BTYD models

I had to do some customer churn modeling for work recently, and I used the Pareto/NBD BTYD model, for which there is a handy CRAN package thanks to some good people at Wharton.

Unfortunately, the Pareto-NBD log-likelihood function cannot be estimated as implemented in that package if you have customers with rich purchase histories – in the hundreds of items – which you do if you’re a popular e-commerce platform that has been around for a while and it has saved its RFM data diligently.

The reason for this is explained here and there is a fix too, based on a computational trick explained here. I am not sure why the author never suggested it as a formal patch to the original package. Maybe it’s in the works. Until then, my patched version of the library is here.

There’s still a limitation. Though this fix allows you to estimate the four parameters of interest from a sample of customers that includes people with rich purchase histories, individual probabilities that such customers are still alive cannot be estimated: the pnbd.PAlive() function will return NaN.

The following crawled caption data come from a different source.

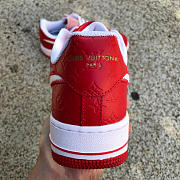 Louis Vuitton Nike Air Force 1 Low By Virgil Abloh White Red - 3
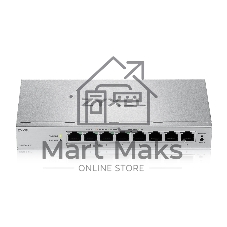 Коммутатор ZYXEL GS1200-8HPV3-EU0101F, 8×1 Гбит/с, 4×PoE+, 68 Вт, управляемый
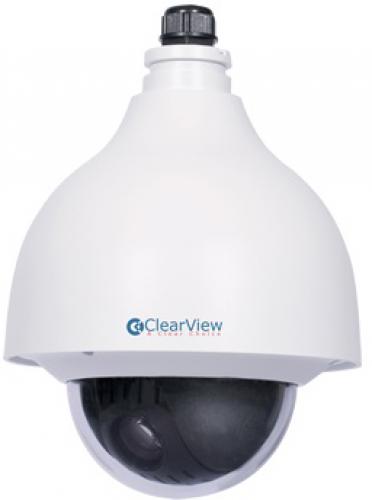 Clearview PTZ-40 23x Mini PTZ Dome Camera; High resolution @ 650 TV Lines; DWDR, Day/Night (ICR), DNR (2D&3D), Auto iris, Auto focus, AWB, AGC, BLC; Max 300/s pan speed, 360 continuous pan rotation; Up to 255 presets, 5 auto scan, 8 tour, 5 pattern; Built-in 2/1 alarm in/out; Support intelligent 3D positioning with DH-SD protocol; IP66 - Weatherproof (PTZ40 PTZ-40 PTZ-40)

This may not be a deal-breaker for you. There’s room for a judgment call here, based on the increasing frequency paradox described in the walkthrough. Any marketing campaign should target newer or less engaged customers. For these, pnbd.PAlive() still works. Customers with rich histories who haven’t been seen in a long time are probably dead, so there’s no use worrying about them, while very active customers who have been seen very recently are best not bothered.